TRY IT: Copy out exactly the stretch below, from the line with "Onitsuka Tiger Mexico 66 vita" through the line with "Students Sitting on Couch by Fred A. Blocker", both included; the pictures stay out.

EXTRACTED DATA:
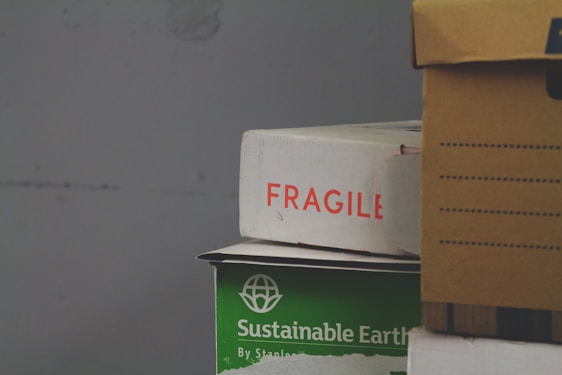 A stack of cardboard boxes, with the top box labeled 'FRAGILE' in red text. Below it, a green box marked 'Sustainable Earth' is visible. Another box, brown with black stripes, is partially in view on the right.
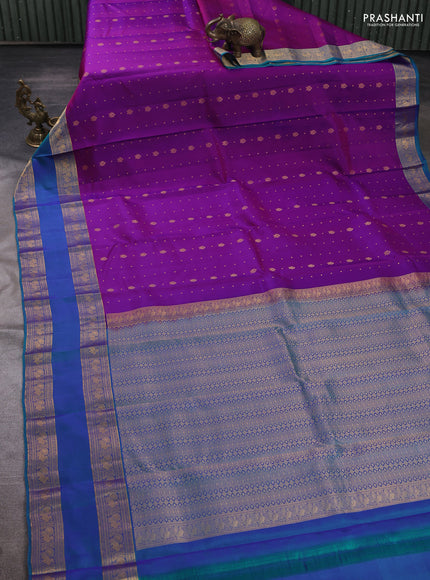 Pure soft silk saree purple and teal blue with allover zari woven buttas and rettapet zari woven border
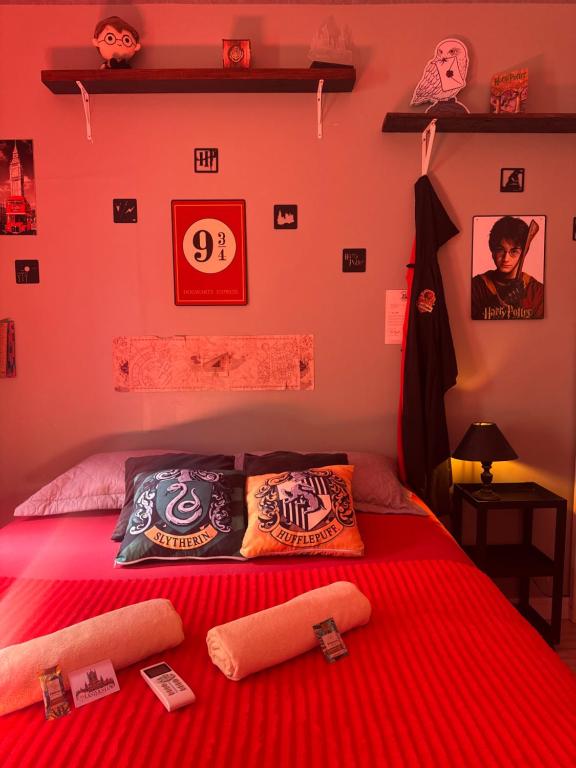 a bedroom with a red bed with pillows on it at Suíte Harry Potter - Pousada Castelo do Luar in Penha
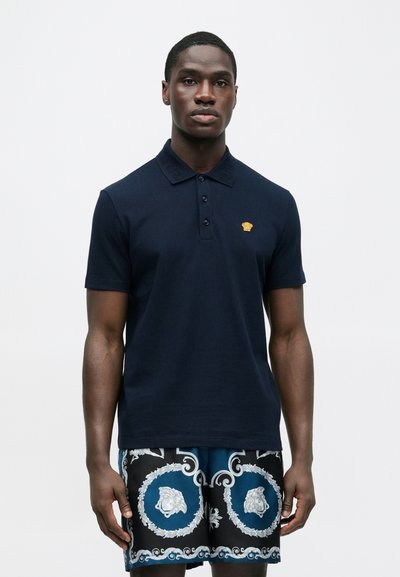 Μπλε σκουρό πόλο με γιακά και τρία κουμπιά, με ένα μικρό χρυσό έμβλημα. Συνδυασμένο με σορτς σε ασπρόμαυρο και μπλε μοτίβο.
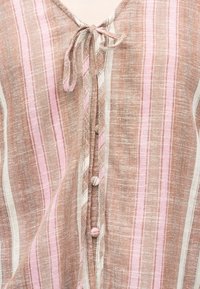 Tissu rayé vertical marron clair et rose avec un lien au niveau de l'encolure et des boutons recouverts de tissu sur le devant.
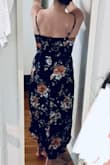 The fabric does have a little sheen to it, which I wasn't sure about before ordering, but I like it. The colors (I got the navy) are gorgeous! I am usually a 6 in dresses, and the medium fits perfectly, especially because the straps are adjustable. Good quality! - Erica T.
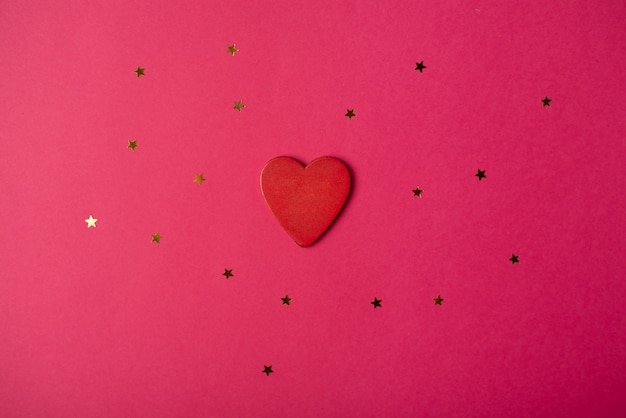 Red wooden heart and little stars. Valentine's day concept. Flat lay, top view.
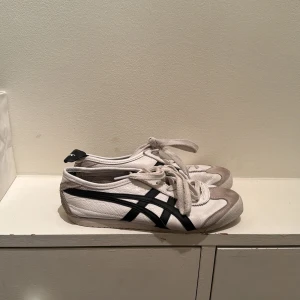 Onitsuka Tiger Mexico 66 vita sneakers - Säljer ett par klassiska Onitsuka Tiger Mexico 66 sneakers i vitt skinn med svarta detaljer och grå mocka vid tån. Skorna har snörning, platt sula och den ikoniska svarta randen på sidorna. Perfekta för dig som gillar retrostil och streetwear. Ena lappen bak saknas.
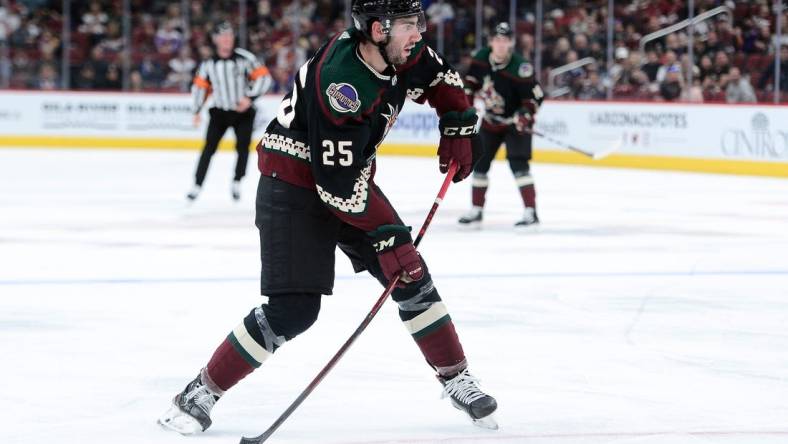 Oct 23, 2021; Glendale, Arizona, USA; Arizona Coyotes defenseman Conor Timmins (25) shoots the puck against the New York Islanders during the second period at Gila River Arena. Mandatory Credit: Joe Camporeale-USA TODAY Sports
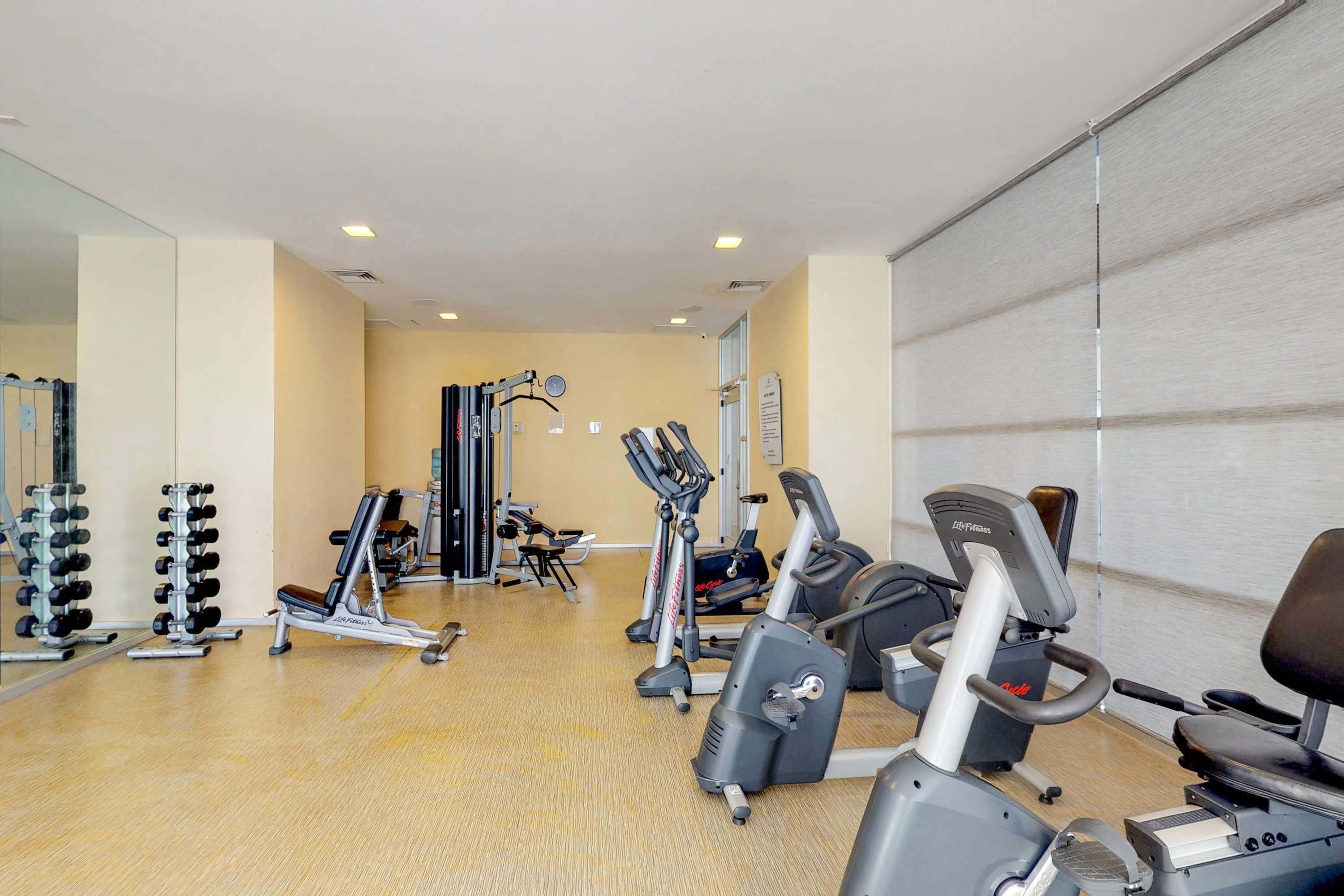 Une salle de sport équipée de matériel d’exercice, dotée d’un miroir et d’un plancher en bois.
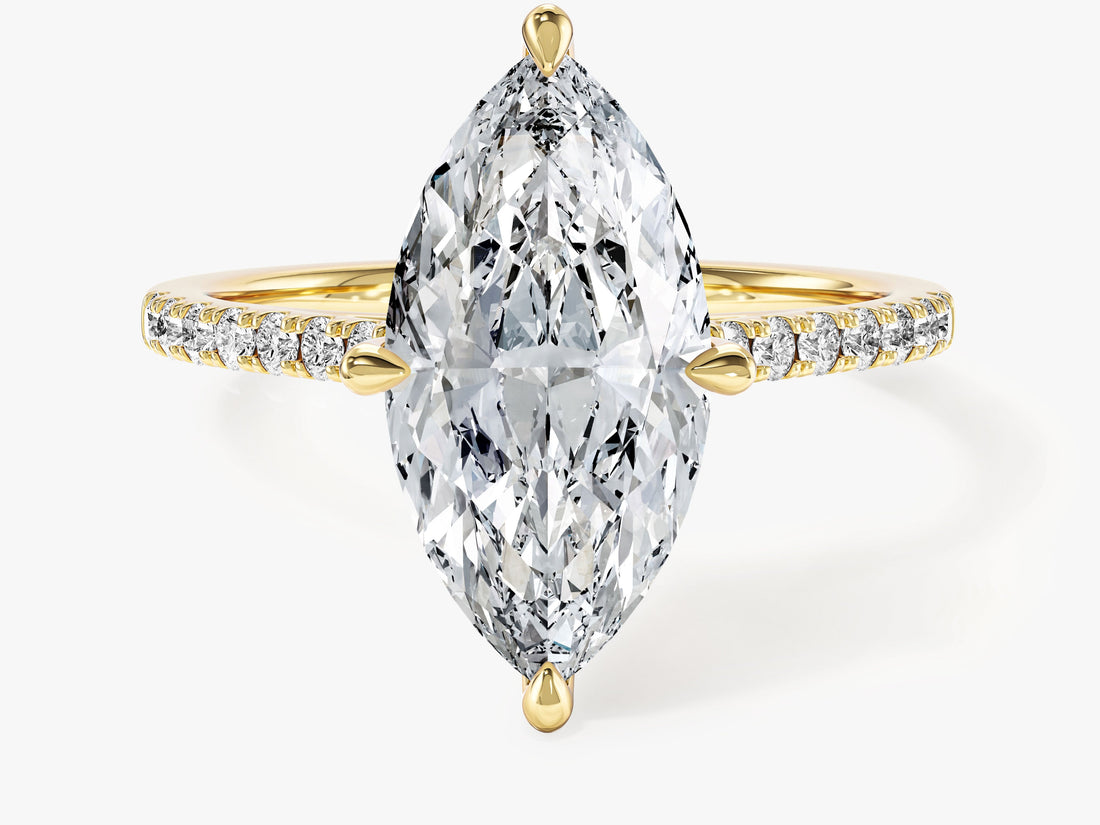 Bold marquise cut moissanite four prong engagement ring with micro pave band in 14K yellow gold, front view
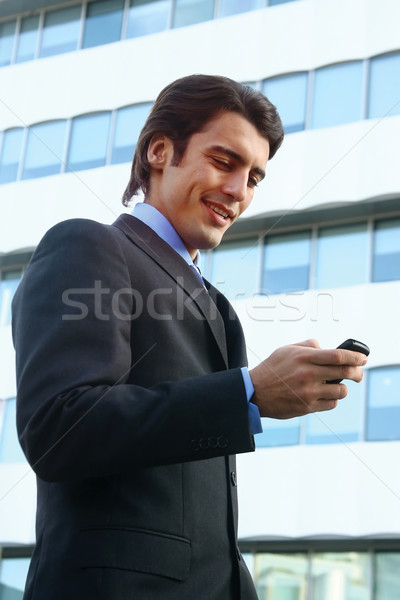 Biznesmen telefonu komórkowego telefonu budynku pracy telefon Zdjęcia stock © toocan
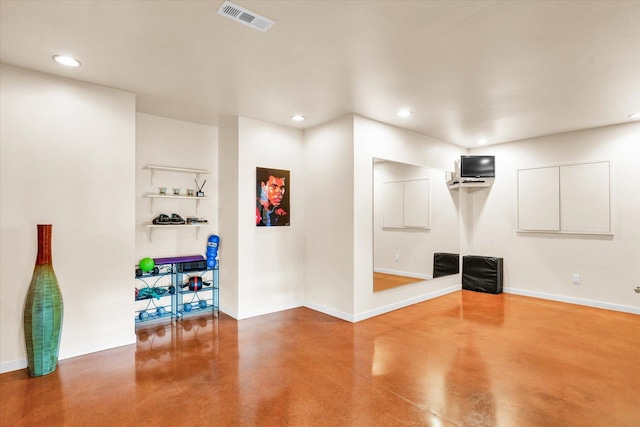 interior space featuring recessed lighting, baseboards, and visible vents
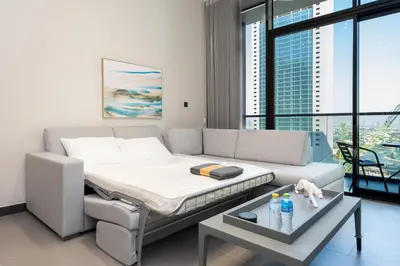 a bed in a room with a couch and a table at Brand New Luxury One Bedroom in Dubai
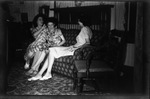 Students Sitting on Couch by Fred A. Blocker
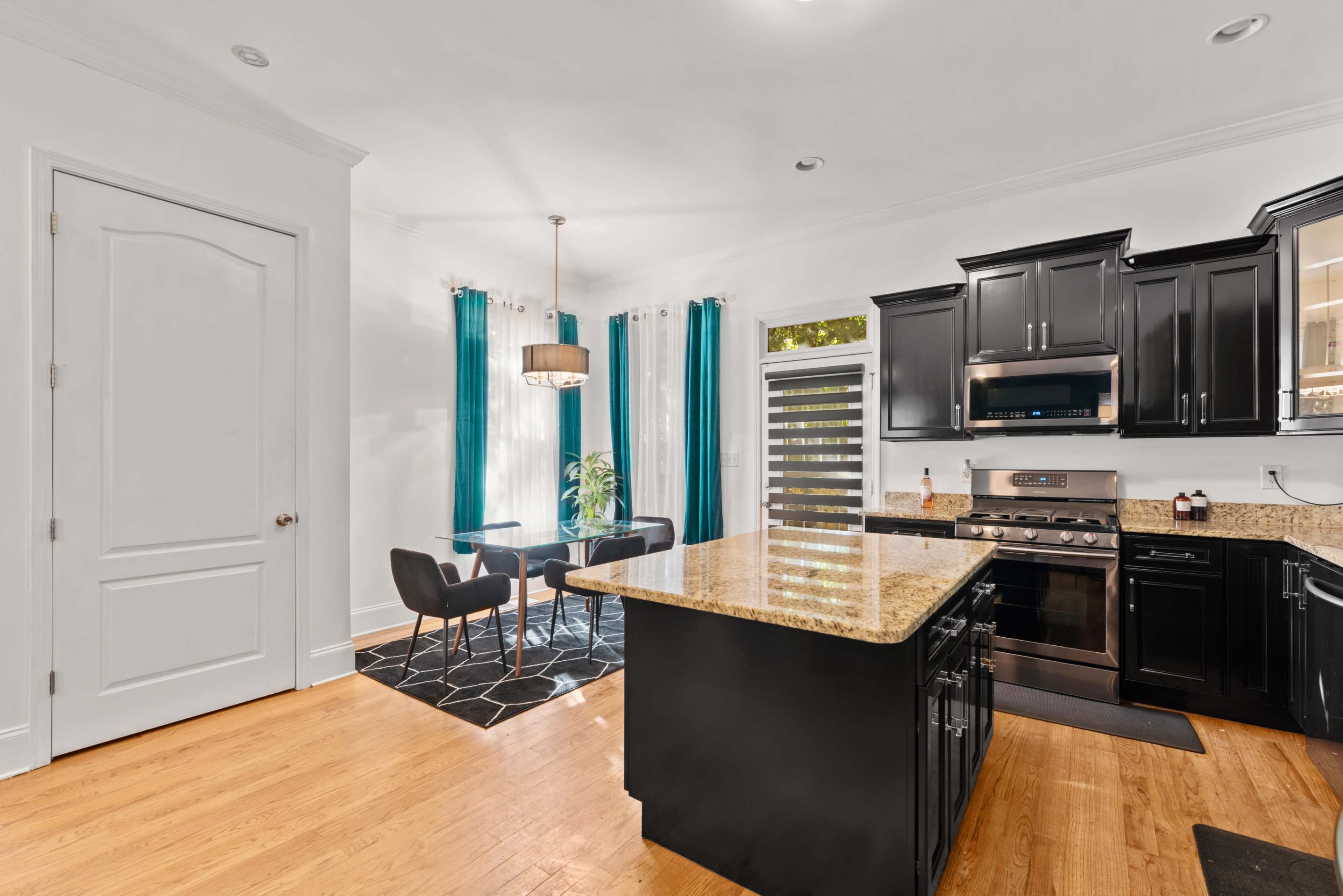 A modern kitchen with black cabinets, a granite island, and a dining area featuring a round table and chairs, illuminated by natural light through large windows.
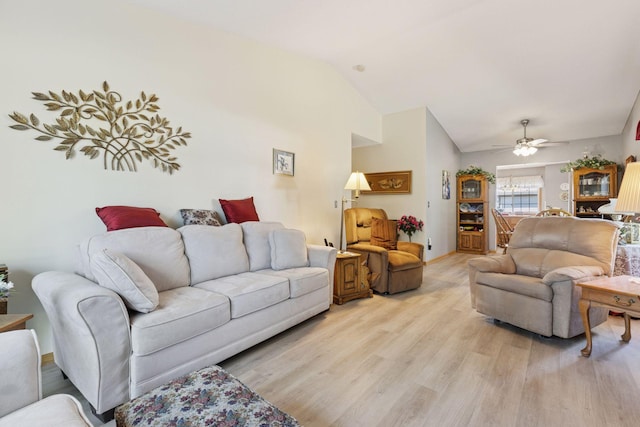 11521 Poppy St NW, Coon Rapids, MN 55433 - living room featuring light wood-type flooring, vaulted ceiling, and a ceiling fan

ANSWER SECTION:
 Onitsuka Tiger Mexico 66 vita sneakers - Säljer ett par klassiska Onitsuka Tiger Mexico 66 sneakers i vitt skinn med svarta detaljer och grå mocka vid tån. Skorna har snörning, platt sula och den ikoniska svarta randen på sidorna. Perfekta för dig som gillar retrostil och streetwear. Ena lappen bak saknas.
 Oct 23, 2021; Glendale, Arizona, USA; Arizona Coyotes defenseman Conor Timmins (25) shoots the puck against the New York Islanders during the second period at Gila River Arena. Mandatory Credit: Joe Camporeale-USA TODAY Sports
 Une salle de sport équipée de matériel d’exercice, dotée d’un miroir et d’un plancher en bois.
 Bold marquise cut moissanite four prong engagement ring with micro pave band in 14K yellow gold, front view
 Biznesmen telefonu komórkowego telefonu budynku pracy telefon Zdjęcia stock © toocan
 interior space featuring recessed lighting, baseboards, and visible vents
 a bed in a room with a couch and a table at Brand New Luxury One Bedroom in Dubai
 Students Sitting on Couch by Fred A. Blocker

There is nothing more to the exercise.